---------- GIVEN INFORMATION ----------

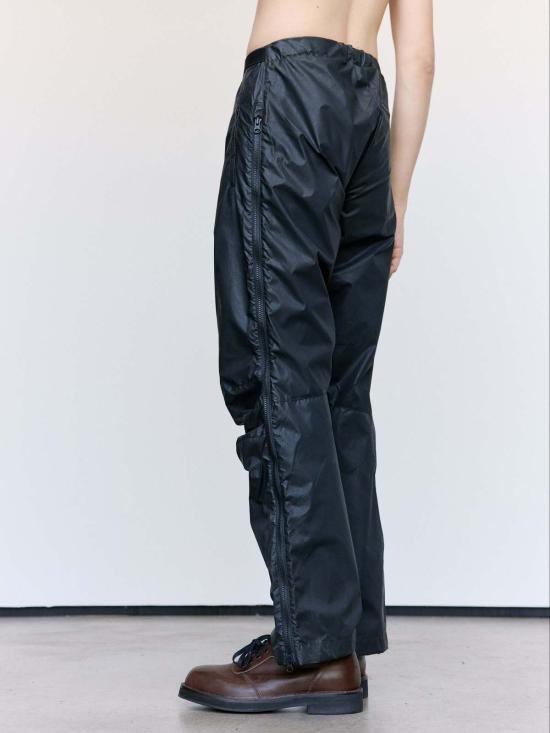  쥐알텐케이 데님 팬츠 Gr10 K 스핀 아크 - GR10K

----------
---------- GIVEN INFORMATION ----------

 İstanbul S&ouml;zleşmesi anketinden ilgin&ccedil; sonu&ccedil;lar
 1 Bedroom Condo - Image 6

----------

Which lines run from the one holding "İstanbul S&ouml;zleşmesi anketinden" through the one holding "1 Bedroom Condo - Image 6" in the records above? Repeat them exactly, both included, and nothing more.

 İstanbul S&ouml;zleşmesi anketinden ilgin&ccedil; sonu&ccedil;lar
 1 Bedroom Condo - Image 6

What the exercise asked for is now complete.